Riverstone's RS family of routers uses the Granite open source toolkits to form a platform that allows service providers to dynamically perform rate limiting on a per port basis and classify traffic for differentiated services. The provisioning capabilities mean that carriers can enable quality of service whether a service provider has a legacy OSS or is implementing a next generation network.
While such competitors as Extreme Networks target metro players that use Ethernet, Riverstone says it's looking at a broader market. While Ethernet is the smart play for young companies emerging into the metro space, there are larger carriers itching to move into the metro space that are burdened with legacy infrastructure. Riverstone's products have become a popular choice with that group.
Matthew Robison, an investment analyst with Ferris, Baker Watts Inc., says Riverstone has hit a sweet spot in the market, because of its ability to provide products both to established and next-generation carriers in the emerging metro market.
The analyst recently boosted his rating on the shares to "strong buy" from his previous "buy," and he's not alone. Riverstone also has garnered ratings of "outperform" or "buy from Wall Street luminaries J.P. Morgan; S.G. Cowan; Lehman Brothers; Morgan Stanley and Salomon Smith Barney, even though in the tech market's ongoing selloff Riverstone fell at one point last month to just over half of its $12 per share IPO price.

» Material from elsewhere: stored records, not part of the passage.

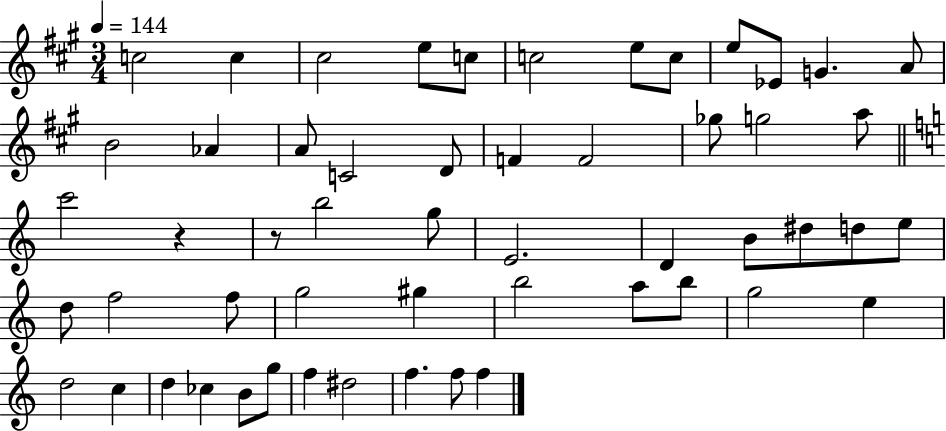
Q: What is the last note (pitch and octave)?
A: F5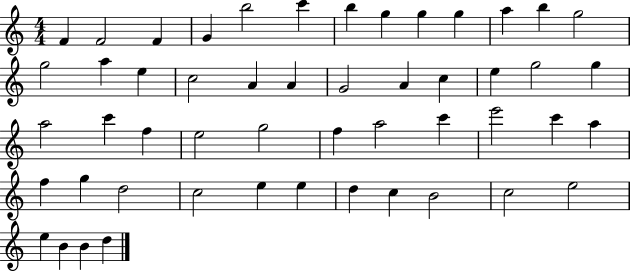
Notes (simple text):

F4/q F4/h F4/q G4/q B5/h C6/q B5/q G5/q G5/q G5/q A5/q B5/q G5/h G5/h A5/q E5/q C5/h A4/q A4/q G4/h A4/q C5/q E5/q G5/h G5/q A5/h C6/q F5/q E5/h G5/h F5/q A5/h C6/q E6/h C6/q A5/q F5/q G5/q D5/h C5/h E5/q E5/q D5/q C5/q B4/h C5/h E5/h E5/q B4/q B4/q D5/q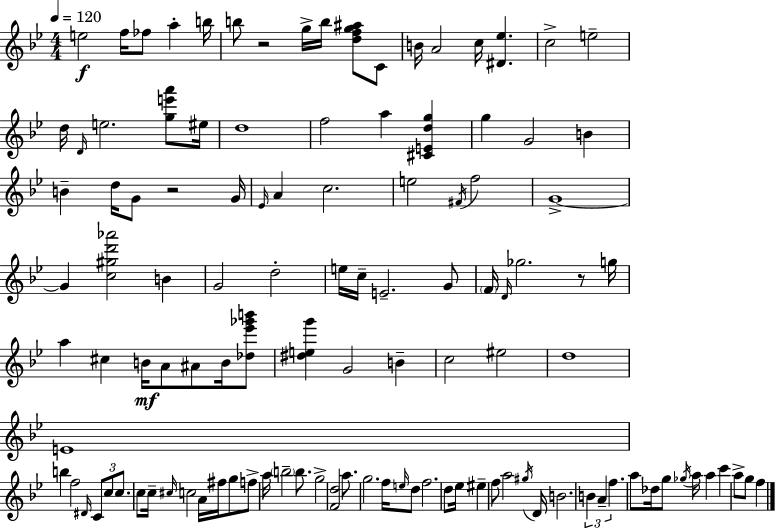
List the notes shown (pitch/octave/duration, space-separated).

E5/h F5/s FES5/e A5/q B5/s B5/e R/h G5/s B5/s [D5,F5,G5,A#5]/e C4/e B4/s A4/h C5/s [D#4,Eb5]/q. C5/h E5/h D5/s D4/s E5/h. [G5,E6,A6]/e EIS5/s D5/w F5/h A5/q [C#4,E4,D5,G5]/q G5/q G4/h B4/q B4/q D5/s G4/e R/h G4/s Eb4/s A4/q C5/h. E5/h F#4/s F5/h G4/w G4/q [C5,G#5,D6,Ab6]/h B4/q G4/h D5/h E5/s C5/s E4/h. G4/e F4/s D4/s Gb5/h. R/e G5/s A5/q C#5/q B4/s A4/e A#4/e B4/s [Db5,Eb6,Gb6,B6]/e [D#5,E5,G6]/q G4/h B4/q C5/h EIS5/h D5/w E4/w B5/q F5/h D#4/s C4/e C5/e C5/e. C5/e C5/s C#5/s C5/h A4/s F#5/s G5/e F5/e A5/s B5/h B5/e. G5/h [F4,D5]/h A5/e. G5/h. F5/s E5/s D5/e F5/h. D5/e Eb5/s EIS5/q F5/e A5/h G#5/s D4/s B4/h. B4/q A4/q F5/q. A5/e Db5/s G5/e Gb5/s A5/s A5/q C6/q A5/e G5/e F5/q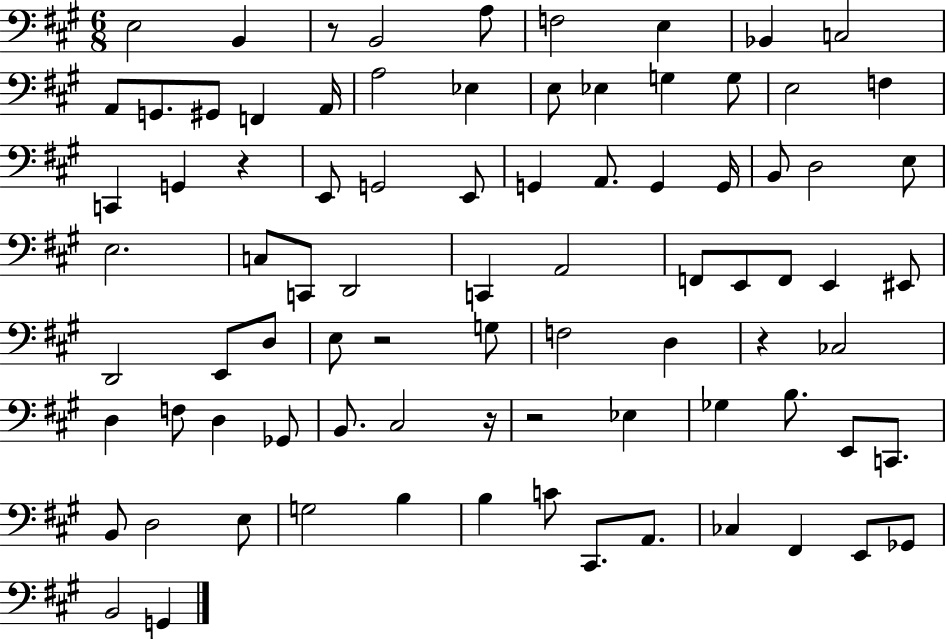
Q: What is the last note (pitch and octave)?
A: G2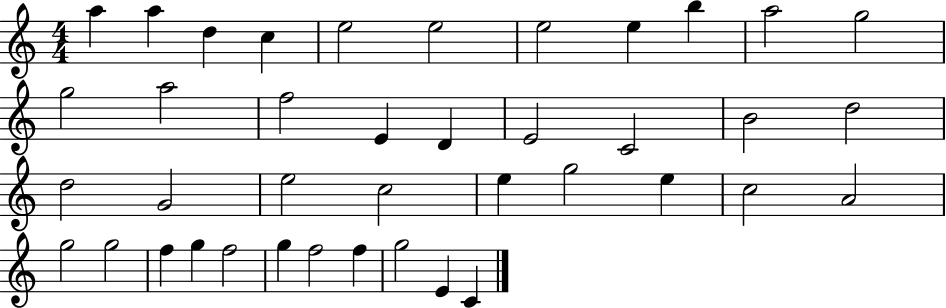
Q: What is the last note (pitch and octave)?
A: C4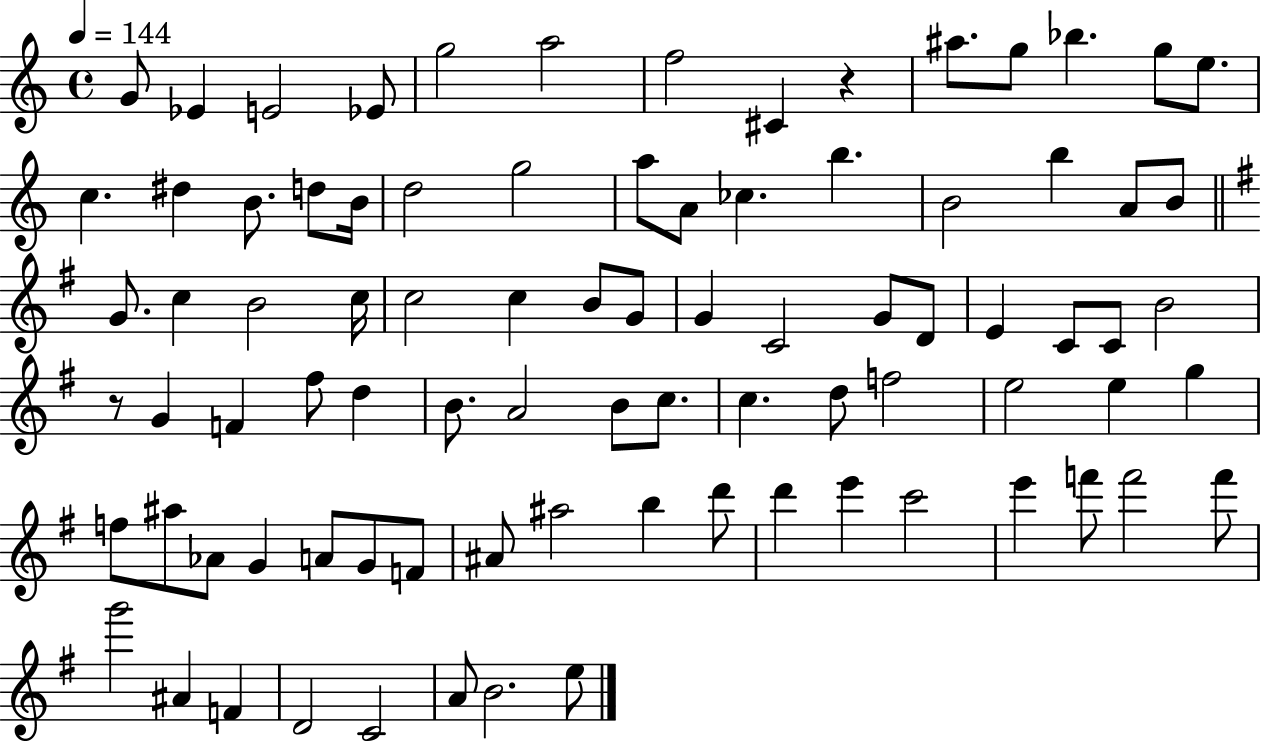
{
  \clef treble
  \time 4/4
  \defaultTimeSignature
  \key c \major
  \tempo 4 = 144
  \repeat volta 2 { g'8 ees'4 e'2 ees'8 | g''2 a''2 | f''2 cis'4 r4 | ais''8. g''8 bes''4. g''8 e''8. | \break c''4. dis''4 b'8. d''8 b'16 | d''2 g''2 | a''8 a'8 ces''4. b''4. | b'2 b''4 a'8 b'8 | \break \bar "||" \break \key g \major g'8. c''4 b'2 c''16 | c''2 c''4 b'8 g'8 | g'4 c'2 g'8 d'8 | e'4 c'8 c'8 b'2 | \break r8 g'4 f'4 fis''8 d''4 | b'8. a'2 b'8 c''8. | c''4. d''8 f''2 | e''2 e''4 g''4 | \break f''8 ais''8 aes'8 g'4 a'8 g'8 f'8 | ais'8 ais''2 b''4 d'''8 | d'''4 e'''4 c'''2 | e'''4 f'''8 f'''2 f'''8 | \break g'''2 ais'4 f'4 | d'2 c'2 | a'8 b'2. e''8 | } \bar "|."
}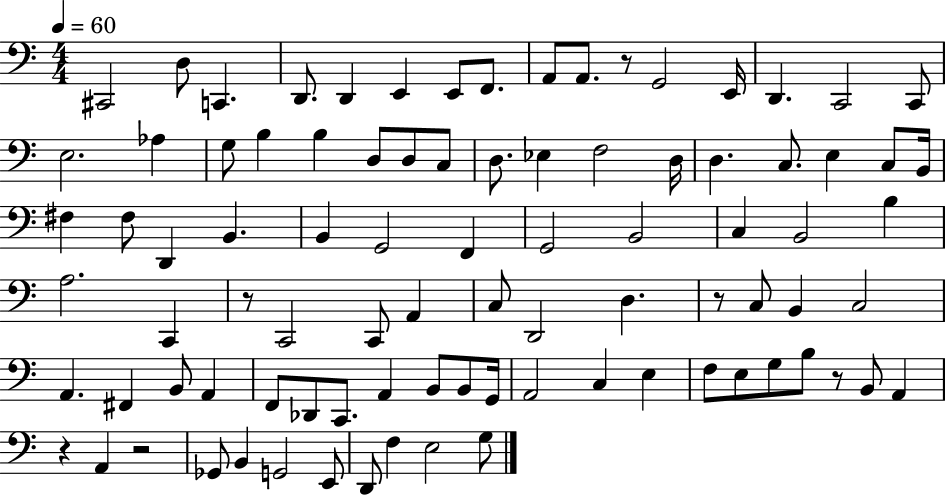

"They're adding value to the infrastructure that's already in place," Robison says. "They have a competitive edge in their interfaces that allow IP services to be deployed over legacy equipment."
That doesn't mean Riverstone hasn't had to address the challenges other startups have faced. But with plenty of good buzz and business backing it, Riverstone has positioned itself as an equipment provider on the rise.
"One of the real challenges we've faced is that the business guys feel real comfortable with a Cisco brand," Garrison says. "But they now realize when it comes to laying features, they want to come to us."